The fast-growing use of criminal background checks casts an extraordinarily wide net, potentially ensnaring millions of Americans who have an arrest or other record that shows up in a routine check,” said Christine Owens, executive director of the National Employment Law Project.  “These background checks are supposed to promote safety in the workplace, but many employers have gone way overboard, refusing to even consider highly qualified applicants just because of an old arrest or conviction.  They’re not even bothering to ask what the arrest or conviction was for, how far in the past it was, whether it’s in any way related to the job, or what the person has done with his or her life since,” said Owens.
I found this alarming.  I also found this odd.   For one thing the Fair Credit Reporting Act (FCRA) and various labor laws, both state and federal, place limitations on the length of time conviction records can be considered for employment purposes.  Not only is the length of time a factor, but the actual crime can be a factors as well. Misdemeanors are given more leniencies in some states as well as first offender.

That being said, most of our clients often do not take into consideration old criminal records. At least they don’t rule an employment applicant ineligible only because of a criminal past. Of course, violent felonies can give employers pause, but misdemeanors and infractions don’t seem to carry the gravitas that this report would intimate.   Most employers that we service are far more concerned about skill sets and employee reliability than distant infractions and felonies.  In certain industries, trucking, industrial, criminal records are fairly common and, frankly, certain employers wouldn’t have a workforce if they excluded job applicants with past convictions.

As I noted, violent crimes are another matter.   Employers when conducting employment screening will be much more discerning about violent crimes in an employment candidate’s background check.  The fear of course is not so much what the employee did in the past, but whether or not he would act out on the job.   Workplace violence is always a major consideration.  That being said, employees with violent criminal histories may not be the ones to act out on the job.  In fact, in some cases they become models of restraint, realizing any violent action, plus their past history would most definitely cause them to lose their jobs.

In fairness to the NELP  report, it does list prominent companies who advertise positions on Craig’s List and specify that those with criminal records need not apply.   Having no idea what the policies of these companies are, it’s not my place to give an opinion of their practices.  I do know that in most cases criminal records are neither violent or extensive.  They are often modest infractions.

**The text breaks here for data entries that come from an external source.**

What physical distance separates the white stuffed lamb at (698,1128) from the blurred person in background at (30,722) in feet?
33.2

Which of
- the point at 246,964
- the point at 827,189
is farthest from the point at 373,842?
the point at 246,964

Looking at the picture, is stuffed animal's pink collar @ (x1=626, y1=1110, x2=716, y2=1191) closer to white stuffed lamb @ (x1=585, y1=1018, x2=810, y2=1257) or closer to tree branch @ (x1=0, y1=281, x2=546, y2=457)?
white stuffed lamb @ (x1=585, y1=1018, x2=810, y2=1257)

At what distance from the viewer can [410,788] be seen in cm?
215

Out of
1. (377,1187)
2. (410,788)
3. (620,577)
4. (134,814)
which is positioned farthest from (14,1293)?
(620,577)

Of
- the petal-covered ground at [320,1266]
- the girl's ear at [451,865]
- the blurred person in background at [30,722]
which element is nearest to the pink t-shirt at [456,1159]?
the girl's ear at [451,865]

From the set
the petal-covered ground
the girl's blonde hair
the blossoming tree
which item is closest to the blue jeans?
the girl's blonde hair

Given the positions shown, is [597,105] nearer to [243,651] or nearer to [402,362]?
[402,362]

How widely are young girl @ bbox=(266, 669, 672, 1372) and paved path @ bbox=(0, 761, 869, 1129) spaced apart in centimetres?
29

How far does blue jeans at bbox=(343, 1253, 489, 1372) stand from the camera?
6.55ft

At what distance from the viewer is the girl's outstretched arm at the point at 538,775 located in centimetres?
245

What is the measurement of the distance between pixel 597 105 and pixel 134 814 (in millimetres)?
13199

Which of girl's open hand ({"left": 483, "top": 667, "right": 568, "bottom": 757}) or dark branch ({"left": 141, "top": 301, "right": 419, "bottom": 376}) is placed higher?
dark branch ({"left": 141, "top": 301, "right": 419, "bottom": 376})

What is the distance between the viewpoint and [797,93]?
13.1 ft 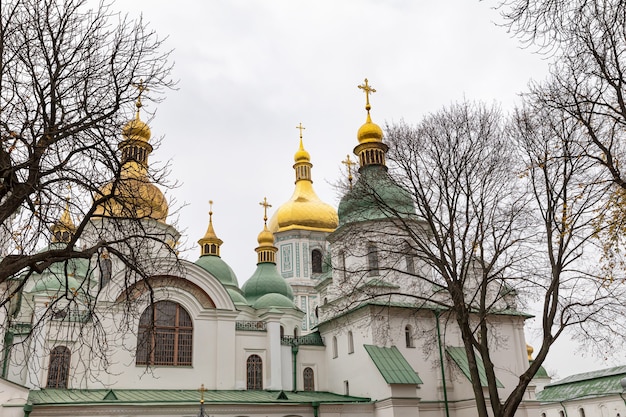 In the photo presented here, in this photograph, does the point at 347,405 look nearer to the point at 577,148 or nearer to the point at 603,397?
the point at 577,148

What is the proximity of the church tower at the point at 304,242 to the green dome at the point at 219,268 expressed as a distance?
726 cm

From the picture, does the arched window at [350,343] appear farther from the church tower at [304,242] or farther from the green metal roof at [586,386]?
the green metal roof at [586,386]

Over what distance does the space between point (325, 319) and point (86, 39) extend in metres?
21.2

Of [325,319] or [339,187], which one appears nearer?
[339,187]

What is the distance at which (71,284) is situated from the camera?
82.1 feet

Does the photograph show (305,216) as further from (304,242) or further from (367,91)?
(367,91)

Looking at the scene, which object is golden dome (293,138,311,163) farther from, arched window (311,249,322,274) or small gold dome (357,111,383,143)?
small gold dome (357,111,383,143)

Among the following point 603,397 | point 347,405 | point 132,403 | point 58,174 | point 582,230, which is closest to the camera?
point 58,174

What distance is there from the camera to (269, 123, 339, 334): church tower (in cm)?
3972

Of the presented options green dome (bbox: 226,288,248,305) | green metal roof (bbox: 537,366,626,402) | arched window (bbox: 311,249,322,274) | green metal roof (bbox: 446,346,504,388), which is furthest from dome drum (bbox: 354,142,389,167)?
green metal roof (bbox: 537,366,626,402)

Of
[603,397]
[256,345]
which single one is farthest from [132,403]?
[603,397]

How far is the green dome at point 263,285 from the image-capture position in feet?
111

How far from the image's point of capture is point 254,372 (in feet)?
85.0

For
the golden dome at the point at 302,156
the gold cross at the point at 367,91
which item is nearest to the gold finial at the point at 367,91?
the gold cross at the point at 367,91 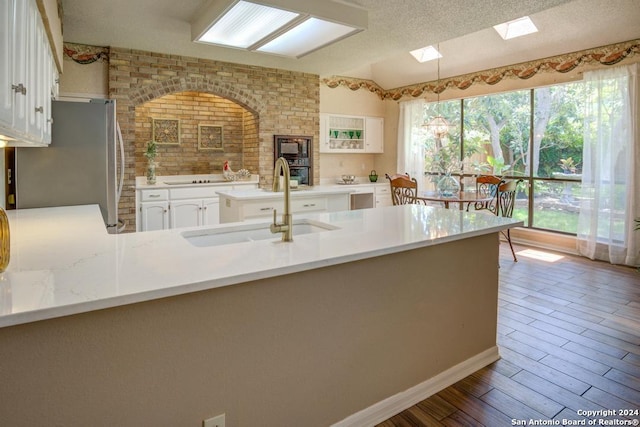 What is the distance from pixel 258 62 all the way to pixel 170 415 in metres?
5.22

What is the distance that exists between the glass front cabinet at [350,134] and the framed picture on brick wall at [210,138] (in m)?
1.70

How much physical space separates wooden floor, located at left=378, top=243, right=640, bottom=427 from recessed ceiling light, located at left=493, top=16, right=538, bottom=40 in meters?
3.10

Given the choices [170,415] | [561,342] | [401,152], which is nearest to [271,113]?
[401,152]

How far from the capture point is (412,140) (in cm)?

I have known a few people who  when younger got themselves in trouble when they were younger and then straightened out their lives and went on to become reputable employees.   Some of these people became professionals, or key managers, professors and deans at universities.   It is hardly above the pale that someone messes up at one point and then turns around his life.   So denying people second chances, or denying them employment, doesn’t make sense.

It is not a perfect world, after all.  In case you haven’t noticed.

As one client said. ..”Hey, he was the best man for the job.  Had the skill sets I needed.   Because he did something fifteen years ago, what do I care?”